The pay-off for the e-business is high, she says. Forrester Research estimates the cost of responding to a customer query by phone totals $33. By e-mail, it's $9.99. Web self-service, on the other hand, is estimated to cost $1.17.
Broad Mind features include a Web interface that gives users self-service access to the company knowledge base, integration with any site's search engine, reporting capabilities to track visitors, as well as internal activity levels and the ability to accommodate an unlimited number of system "experts" who can answer user questions.
Here's how it works: A customer logs in and asks a question on the company site. If the question has been answered before, the answer pops up on the screen. If an answer doesn't yet exist, Broad Mind routes the question to the person or department that can best reply, and the question can be answered via e-mail or the Web. Next, the answer is e-mailed to the customer and published on the Web page. In addition, the new answer is automatically indexed in the search engine and filed under the correct topic.
And it's as easy to answer a question as it is to ask one, Kirkbride says. Questions to experts "come in the same old e-mail in the basket," she says. "If you can hit the reply button and type in an answer, you're done." Broad Mind manages all the back-end routing of e-mails, editorial approval, HTML publishing and workflow. It's a stand-alone application that can be up and running in as little as two weeks. Broad Mind applications can also be networked to share content from multiple Q&A channels via a software plug-in module called Broad Network.

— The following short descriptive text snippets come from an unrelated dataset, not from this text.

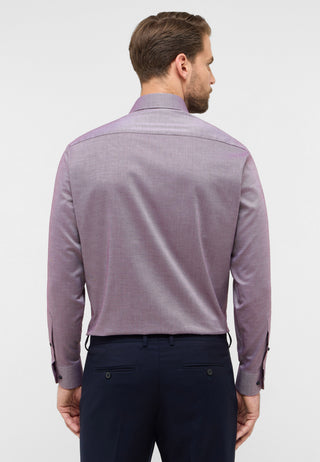 ETERNA COMFORT FIT Langarm Hemd - Violet Mist Red - 8464-59-E181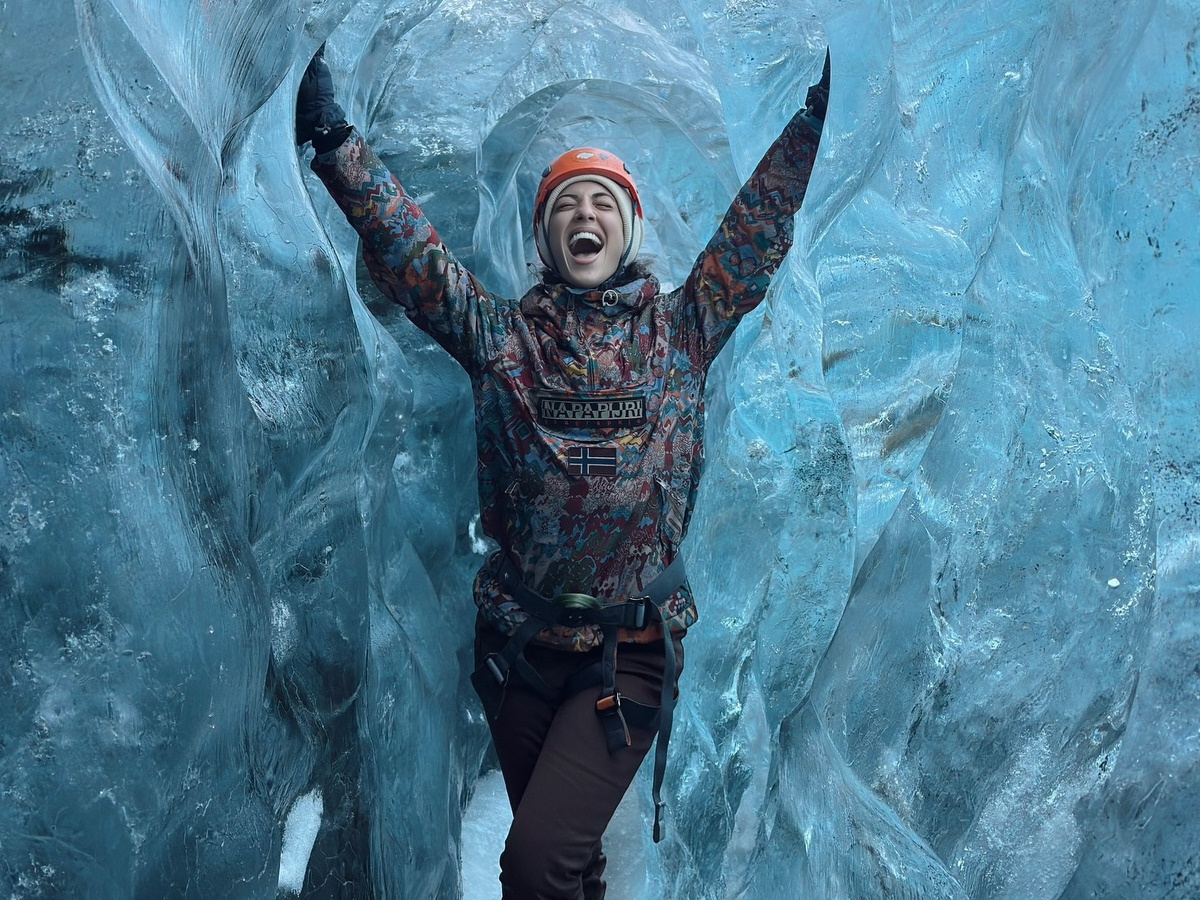 Ευγενία Σαμαρά: Νέες φωτογραφίες από το μαγευτικό ταξίδι της στην Ισλανδία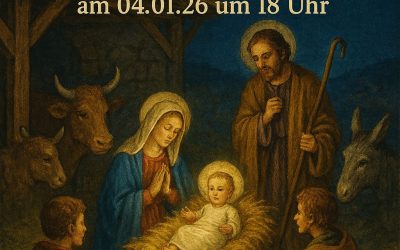 Singen an der Krippe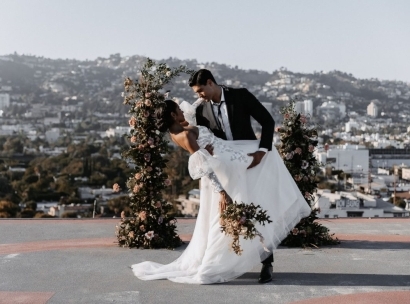 Glamorous City Weddings in Los Angeles: Iconic Venues & Luxury Estates image home page block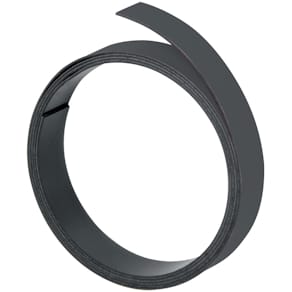 Magnetband Franken, 1 m x 5 mm, schwarz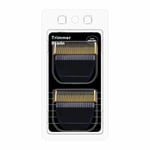 Lame de rechange compatible avec les ER-GP80 de tondeuse Panasonic ER1611,ER1512,ER1511,ER1510,ER1610,ER160,ER153,ERElement,ER151 - Type 1set #A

According to Kirkbride, the benefits of Broad Mind become apparent very quickly. As the Broad Mind knowledge base grows, the volume of questions that get escalated to e-mail or the telephone decreases, while the savings to the organization increase. "A big percentage [of Web site visitors] actually get their answer right then," Kirkbride says. "That means zero response time at that dollar price line."
San Francisco-based E-Color has been using Broad Mind for a little over a year and has been pleased with the results. E-Color offers color correction for vendors that sell color-sensitive products on the Internet, such as clothing and décor. E-Color's solutions offer highly accurate color renderings of items shown on the screen, so customers know what they see on the screen will look the same as what appears in the mail. E-Color also offers a licensed product that goes along with monitors and video cameras.
E-Color fields something like 700 to 1,000 queries each month, estimates Quality Assurance Manager Akien MacIaian. With Broad Mind, 98 percent of those queries are answered automatically.
"To have staff around to answer all those queries would certainly chew up a couple of people's time," says MacIaian.
Broad Mind's capabilities are especially helpful during E-Color's peak times in the evening. "Unless we have someone on call 24 hours a day, we wouldn't be able to provide assistance to all those people. The automated system gives us the opportunity to address most users' concerns any time of the day or night."
At the same time, MacIaian says Broad Mind "is just nicely engineered." E-Color staff can easily update information or add new answers. And for the customer, "Getting the information people want is fast...It's a better user experience, and also the fact that we're not having to hire extra staff has saved us a lot of money."
MacIaian admits, however, the customer response wasn't really something he was prepared for. "Quite frankly," he says, "I didn't expect to see any feedback on the quality of the automated system, but we've got quite a few comments on it. One that sticks in my head is from somebody who came in [to the Web site] in the middle of the night looking for something and managed to get it. The comment was something like he didn't really expect to see anything on the topic at all, but he got the answer he needed."